WORK ORDER
Please restate the following records word for word.

Caption-style text data:
-.-.-

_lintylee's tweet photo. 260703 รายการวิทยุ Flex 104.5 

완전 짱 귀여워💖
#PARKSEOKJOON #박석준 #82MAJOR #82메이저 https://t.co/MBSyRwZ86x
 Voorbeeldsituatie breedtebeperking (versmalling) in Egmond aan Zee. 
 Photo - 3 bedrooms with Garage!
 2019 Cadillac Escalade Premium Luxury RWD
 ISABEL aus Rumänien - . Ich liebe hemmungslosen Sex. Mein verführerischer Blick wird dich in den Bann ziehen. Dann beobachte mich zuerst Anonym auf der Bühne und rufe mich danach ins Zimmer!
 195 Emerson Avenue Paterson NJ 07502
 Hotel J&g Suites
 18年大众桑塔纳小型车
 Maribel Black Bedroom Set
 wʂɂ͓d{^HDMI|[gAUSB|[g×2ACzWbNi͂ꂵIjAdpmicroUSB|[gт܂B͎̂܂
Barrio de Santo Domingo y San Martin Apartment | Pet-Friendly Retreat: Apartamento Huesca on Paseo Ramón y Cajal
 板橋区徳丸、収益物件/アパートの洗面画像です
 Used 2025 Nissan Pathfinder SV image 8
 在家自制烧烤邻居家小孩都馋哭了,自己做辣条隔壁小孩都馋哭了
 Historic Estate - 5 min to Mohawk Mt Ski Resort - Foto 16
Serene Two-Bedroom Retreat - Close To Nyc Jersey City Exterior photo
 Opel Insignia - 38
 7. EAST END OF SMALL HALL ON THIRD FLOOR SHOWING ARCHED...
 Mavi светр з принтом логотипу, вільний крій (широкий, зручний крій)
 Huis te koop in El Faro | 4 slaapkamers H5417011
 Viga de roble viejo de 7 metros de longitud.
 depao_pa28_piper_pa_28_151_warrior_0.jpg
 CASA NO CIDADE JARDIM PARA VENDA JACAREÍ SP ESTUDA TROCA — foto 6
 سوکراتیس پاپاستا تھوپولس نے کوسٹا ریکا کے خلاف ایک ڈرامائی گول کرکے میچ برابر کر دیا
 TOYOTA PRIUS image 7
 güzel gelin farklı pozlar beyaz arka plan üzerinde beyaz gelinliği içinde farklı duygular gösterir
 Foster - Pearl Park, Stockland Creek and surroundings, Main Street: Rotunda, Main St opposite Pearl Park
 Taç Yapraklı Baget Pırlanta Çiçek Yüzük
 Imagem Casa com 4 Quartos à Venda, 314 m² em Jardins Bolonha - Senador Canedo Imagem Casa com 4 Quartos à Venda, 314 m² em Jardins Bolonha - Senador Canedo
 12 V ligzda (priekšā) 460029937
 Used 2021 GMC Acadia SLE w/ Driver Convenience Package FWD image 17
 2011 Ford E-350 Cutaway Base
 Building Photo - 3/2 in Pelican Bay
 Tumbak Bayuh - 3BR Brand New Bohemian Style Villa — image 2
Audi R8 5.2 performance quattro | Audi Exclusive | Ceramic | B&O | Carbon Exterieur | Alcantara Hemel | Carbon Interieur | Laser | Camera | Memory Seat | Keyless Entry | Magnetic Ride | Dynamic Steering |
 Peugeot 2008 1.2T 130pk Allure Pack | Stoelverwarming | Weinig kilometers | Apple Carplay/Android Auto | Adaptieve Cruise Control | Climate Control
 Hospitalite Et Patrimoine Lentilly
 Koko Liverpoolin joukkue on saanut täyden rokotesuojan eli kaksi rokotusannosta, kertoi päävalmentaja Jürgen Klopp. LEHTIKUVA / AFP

-.-.-

EXERCISE ANSWER
_lintylee's tweet photo. 260703 รายการวิทยุ Flex 104.5 

완전 짱 귀여워💖
#PARKSEOKJOON #박석준 #82MAJOR #82메이저 https://t.co/MBSyRwZ86x
 Voorbeeldsituatie breedtebeperking (versmalling) in Egmond aan Zee. 
 Photo - 3 bedrooms with Garage!
 2019 Cadillac Escalade Premium Luxury RWD
 ISABEL aus Rumänien - . Ich liebe hemmungslosen Sex. Mein verführerischer Blick wird dich in den Bann ziehen. Dann beobachte mich zuerst Anonym auf der Bühne und rufe mich danach ins Zimmer!
 195 Emerson Avenue Paterson NJ 07502
 Hotel J&g Suites
 18年大众桑塔纳小型车
 Maribel Black Bedroom Set
 wʂɂ͓d{^HDMI|[gAUSB|[g×2ACzWbNi͂ꂵIjAdpmicroUSB|[gт܂B͎̂܂
Barrio de Santo Domingo y San Martin Apartment | Pet-Friendly Retreat: Apartamento Huesca on Paseo Ramón y Cajal
 板橋区徳丸、収益物件/アパートの洗面画像です
 Used 2025 Nissan Pathfinder SV image 8
 在家自制烧烤邻居家小孩都馋哭了,自己做辣条隔壁小孩都馋哭了
 Historic Estate - 5 min to Mohawk Mt Ski Resort - Foto 16
Serene Two-Bedroom Retreat - Close To Nyc Jersey City Exterior photo
 Opel Insignia - 38
 7. EAST END OF SMALL HALL ON THIRD FLOOR SHOWING ARCHED...
 Mavi светр з принтом логотипу, вільний крій (широкий, зручний крій)
 Huis te koop in El Faro | 4 slaapkamers H5417011
 Viga de roble viejo de 7 metros de longitud.
 depao_pa28_piper_pa_28_151_warrior_0.jpg
 CASA NO CIDADE JARDIM PARA VENDA JACAREÍ SP ESTUDA TROCA — foto 6
 سوکراتیس پاپاستا تھوپولس نے کوسٹا ریکا کے خلاف ایک ڈرامائی گول کرکے میچ برابر کر دیا
 TOYOTA PRIUS image 7
 güzel gelin farklı pozlar beyaz arka plan üzerinde beyaz gelinliği içinde farklı duygular gösterir
 Foster - Pearl Park, Stockland Creek and surroundings, Main Street: Rotunda, Main St opposite Pearl Park
 Taç Yapraklı Baget Pırlanta Çiçek Yüzük
 Imagem Casa com 4 Quartos à Venda, 314 m² em Jardins Bolonha - Senador Canedo Imagem Casa com 4 Quartos à Venda, 314 m² em Jardins Bolonha - Senador Canedo
 12 V ligzda (priekšā) 460029937
 Used 2021 GMC Acadia SLE w/ Driver Convenience Package FWD image 17
 2011 Ford E-350 Cutaway Base
 Building Photo - 3/2 in Pelican Bay
 Tumbak Bayuh - 3BR Brand New Bohemian Style Villa — image 2
Audi R8 5.2 performance quattro | Audi Exclusive | Ceramic | B&O | Carbon Exterieur | Alcantara Hemel | Carbon Interieur | Laser | Camera | Memory Seat | Keyless Entry | Magnetic Ride | Dynamic Steering |
 Peugeot 2008 1.2T 130pk Allure Pack | Stoelverwarming | Weinig kilometers | Apple Carplay/Android Auto | Adaptieve Cruise Control | Climate Control
 Hospitalite Et Patrimoine Lentilly
 Koko Liverpoolin joukkue on saanut täyden rokotesuojan eli kaksi rokotusannosta, kertoi päävalmentaja Jürgen Klopp. LEHTIKUVA / AFP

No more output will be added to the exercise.